Predicts/Hopes Senate Version Will Set Binding Limits on Tarmac Delays

FlyersRights.org Executive Director Kate Hanni (pictured right) is politely lauding the "modest gains for airline passengers" contained in the FAA Reauthorization bill (H.R. 915) that passed through the House of Representatives, Thursday, but predicted that the "final version that goes to the President will ultimately contain the critical element consumers want most - a binding, enforceable limit on the amount of time passengers can be held in aircraft waiting on the tarmac."

Among consumer advances in the House bill, Hanni said, are provisions requiring airlines to provide food, water, temperature controls and working lavatories to passengers whose flights are delayed on the nation's tarmacs.

"It's a measure of the airlines' contempt for their passengers that it takes an Act of Congress to force them to give their customers basic human necessities like food, water and working toilets during tarmac delays that now last upwards of 9 hours," Hanni noted.
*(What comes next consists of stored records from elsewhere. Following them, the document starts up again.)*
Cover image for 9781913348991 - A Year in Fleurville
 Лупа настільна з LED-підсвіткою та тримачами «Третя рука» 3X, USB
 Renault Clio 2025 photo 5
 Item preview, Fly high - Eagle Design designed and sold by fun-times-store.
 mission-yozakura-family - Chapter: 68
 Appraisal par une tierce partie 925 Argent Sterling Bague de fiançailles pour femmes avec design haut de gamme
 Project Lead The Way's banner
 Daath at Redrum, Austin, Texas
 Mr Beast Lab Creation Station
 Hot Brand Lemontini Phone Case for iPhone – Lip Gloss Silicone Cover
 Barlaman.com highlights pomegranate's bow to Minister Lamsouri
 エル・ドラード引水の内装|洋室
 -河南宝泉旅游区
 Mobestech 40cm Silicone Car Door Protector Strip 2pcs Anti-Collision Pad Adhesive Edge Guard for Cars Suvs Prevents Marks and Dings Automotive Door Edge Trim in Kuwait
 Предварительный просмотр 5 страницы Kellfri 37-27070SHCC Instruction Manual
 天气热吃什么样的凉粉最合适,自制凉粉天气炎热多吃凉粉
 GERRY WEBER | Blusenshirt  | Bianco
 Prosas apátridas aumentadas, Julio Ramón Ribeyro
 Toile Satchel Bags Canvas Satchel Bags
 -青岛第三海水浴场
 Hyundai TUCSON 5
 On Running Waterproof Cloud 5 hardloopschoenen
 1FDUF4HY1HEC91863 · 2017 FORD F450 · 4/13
"Under the House version, the airlines themselves get to decide how long passengers must sit on the tarmac. That's just not acceptable, and we're optimistic that once the Senate takes up the bill, President Obama will get the chance to sign a measure he himself sponsored as a Senator - a uniform, binding, industry-wide three-hour limit on tarmac delays."

FlyersRights.org is a consumer organization representing airline passengers, and was formed after Hanni was stranded on the tarmac at the Austin airport in 2006.